The note says why the ICANN delegation process is *not* used. As the Abstract says, these notes will be removed before publication.
Secondly, The authors make a judgement call in this block that they feel requesting delegation is not required. I don't feel the consensus was that strong actually, but you know, I guess I could be wrong on that.
This is what WG Last Call is for. If you want to reverse what's in the current draft, you need to say so explicitly, hopefully providing text so that this WG doesn't end up with the sloppy text that the HOMENET WG got.
FWIW, I thought that the authors got this version right. The discussion didn't converge on strong use cases for delegation, and there were strong reasons against. But this is a fair time to open that again.
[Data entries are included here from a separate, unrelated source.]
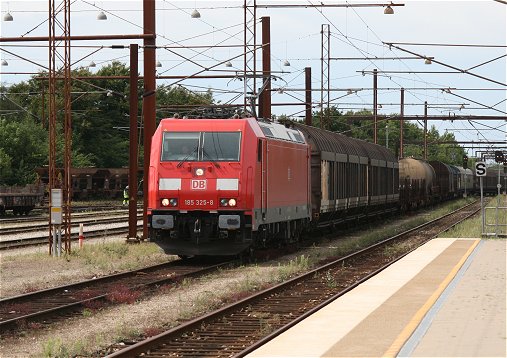 DB 185 325-8 - Ringsted - 30-07-2008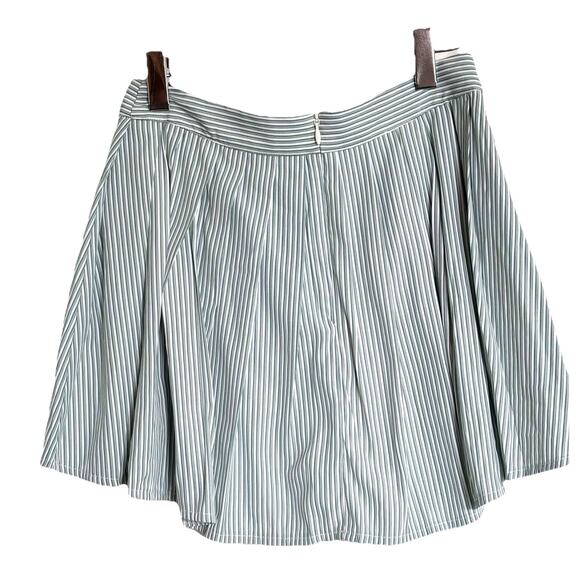 My Mum Made It Skort Sz XS Pleated Stripe Green Coquette Tennis Athleasure - Picture 1 of 5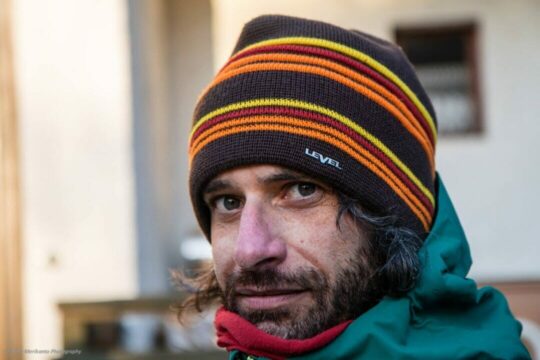 Luca Pandolfi, campione di freeride, travolto da una valanga: muore a 47 anni nella sua ultima discesa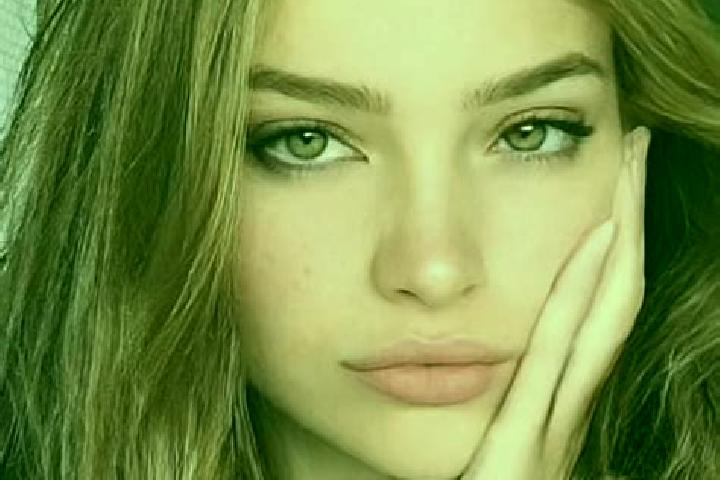 Willow, 26, a dark blonde hazel-eyed latina companion based in Tizguine. Offering GFE, 69, Overnight. Available for incall and outcall, day and evening dates.
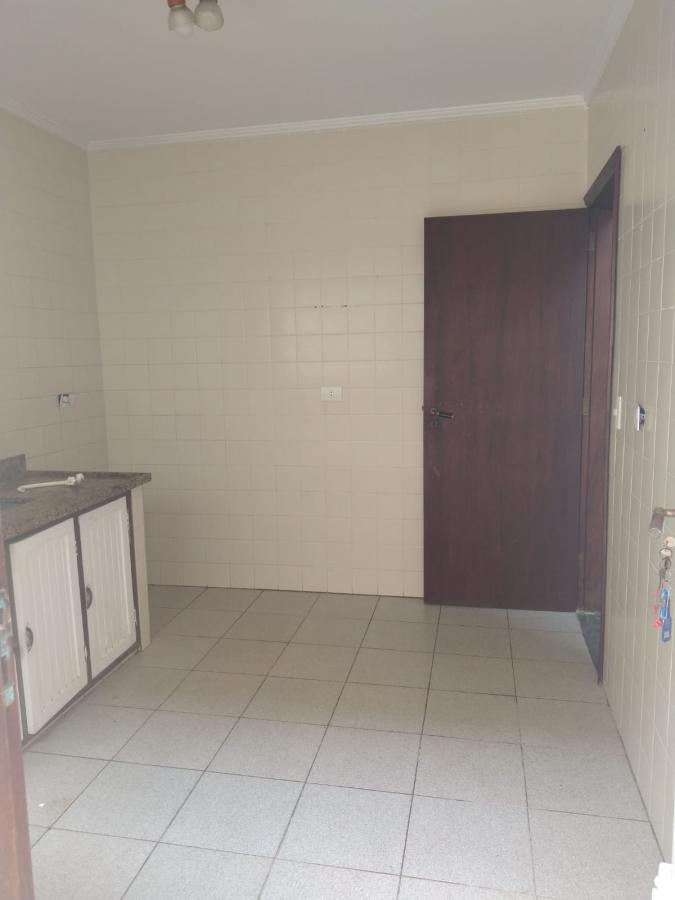 Casa à venda com 5 quartos, 300m² - Foto 32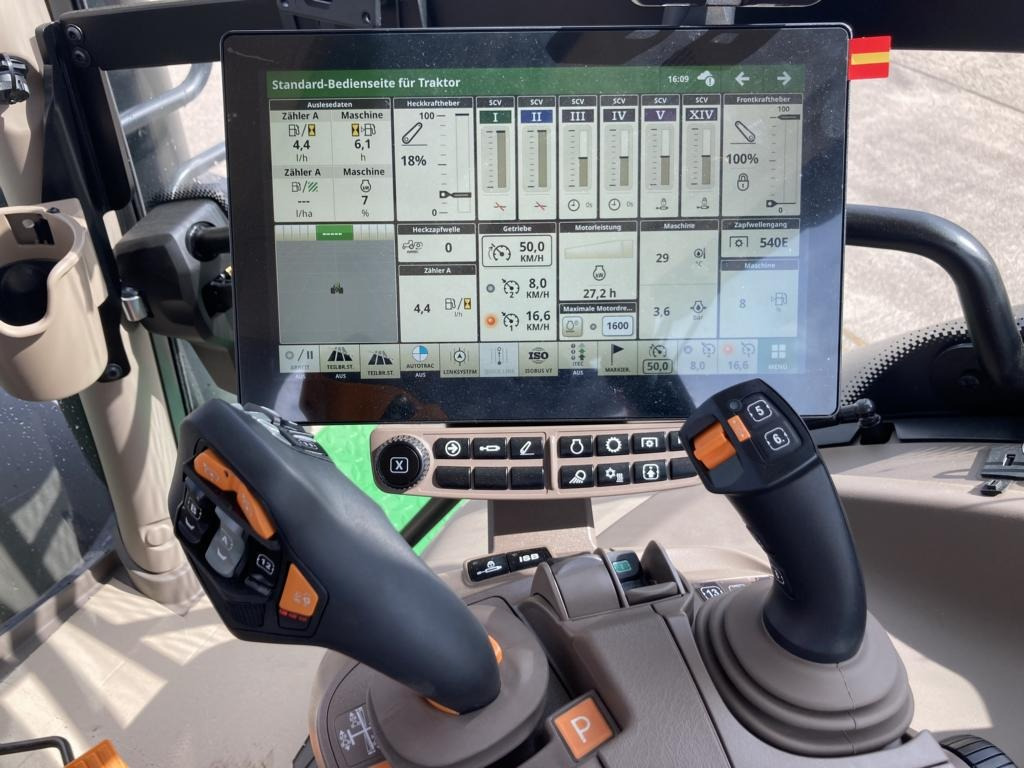 John Deere 6R250 - Traktor: 5 kép. John Deere 6R250 - Traktor: 5 kép.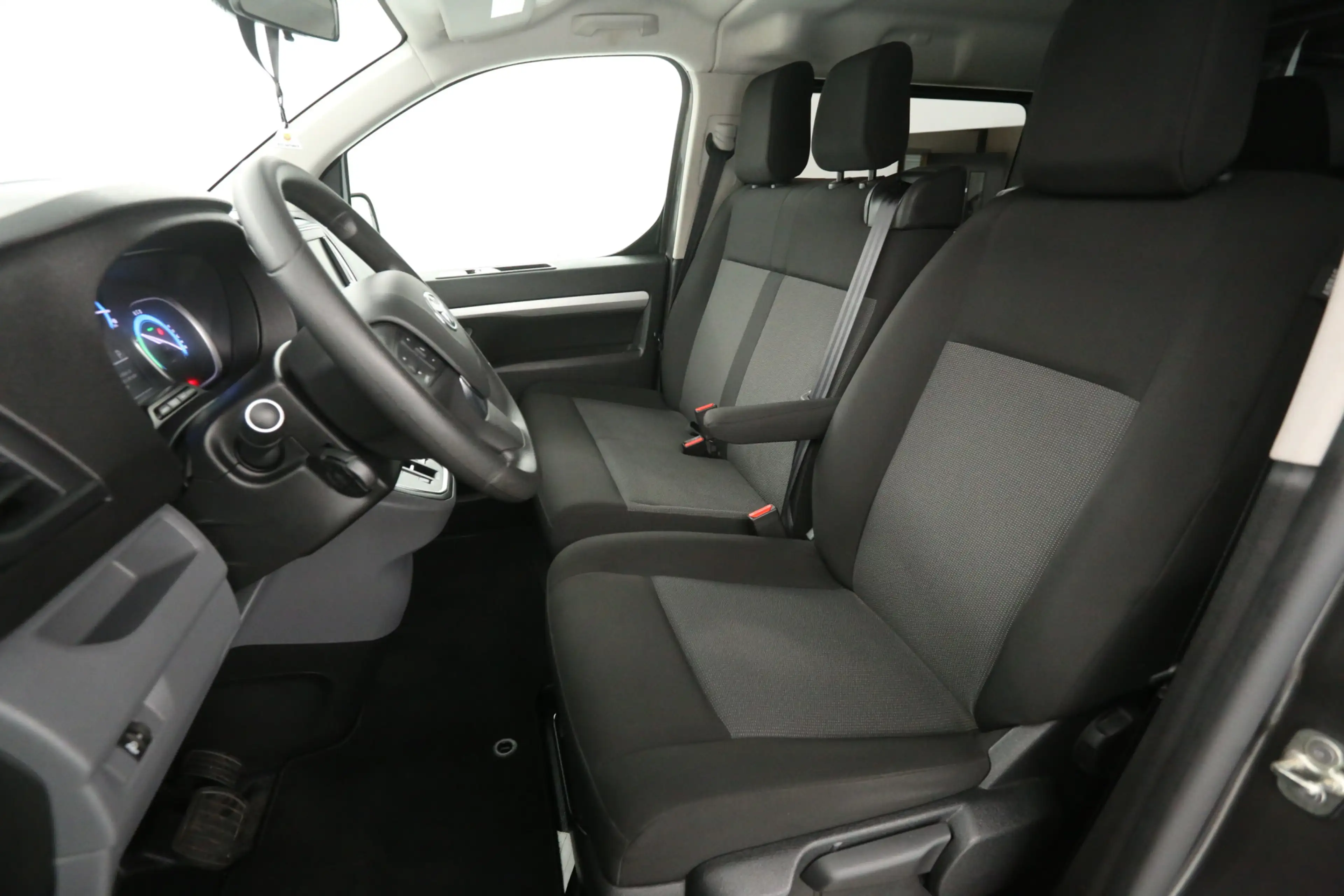 Citroen Jumpy e-Jumpy Toyota ProAce Electric Worker Extra Range — photo 13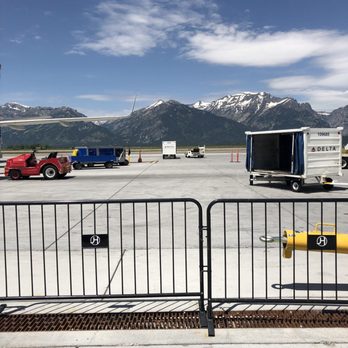 Jackson Hole Airport - JAC - Airports Near Me - Jackson, Wyoming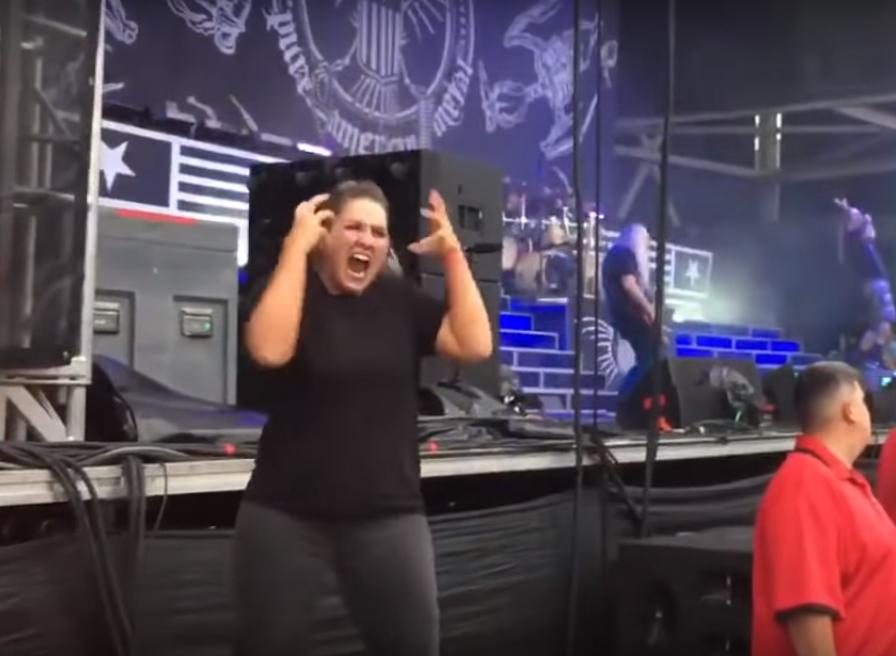 Kako izgleda heavy metal koncert za gluhe osobe?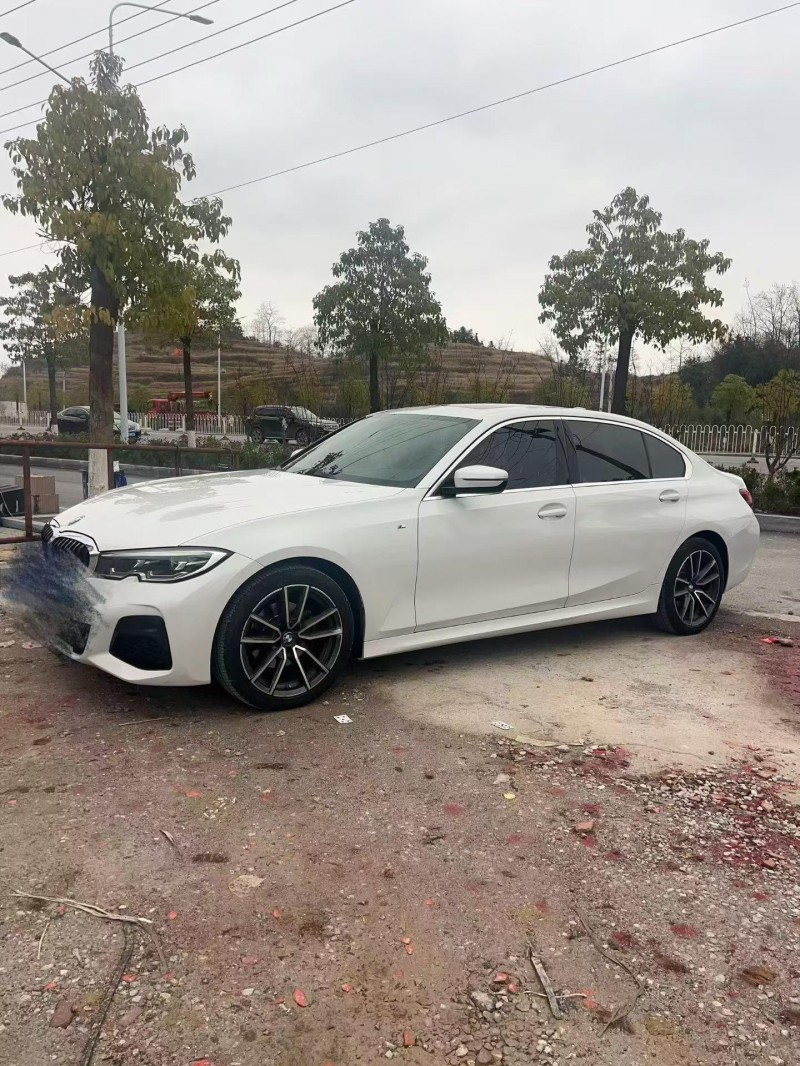 娄底22年宝马3系3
Thirdly the draft contains no language which actually explains why a TLD is required, rather than a deterministic string which denotes 'not in the DNS' -It may be blindingly obvious to you it has to be a TLD, but given that the entry of DNS label-strings into the DNS is through software, and given that at some point, the simple un-parsed string 'something.alt' has to be presented, I would have expected an explanation why 'alt.arpa' as a pattern match in the DNS entry can't work as well as 'alt'. Bear in mind, that the argumentative text states .ONION is a comparator, so poses the problem back on (future) s/w authors that currently seek a TLD as a pattern match, and now have to code to ONION.ALT as a pattern match (the match on ALT implies parsing it off, to denote ONION as a non-DNS label, or embedding of ALT in the non-DNS namespace) so the dots-parsing problem exists for the s/w owners *come what may*
If you have such proposed text, that would be useful to evaluate.
Lastly, I think the IAB note pretty strongly goes to 'we dont do that any more'
Please define "that". If you mean "using TLDs that are not delegated", please show in the IAB statement where you get that impression. I didn't see it, but that doesn't mean it isn't there.
and I think the draft at the bare minimum should say why this draft is special, against that letter. You make a compelling and simple case: because its specifically NOT-DNS, not public DNS, its not relevant. Ok, then say so. 'we didn't say so because it wasn't relevant' feels pretty weak to me. I can do this as a nit in the GIT if you prefer.
What you are proposing is not a "nit", but a fundamental change throughout the document.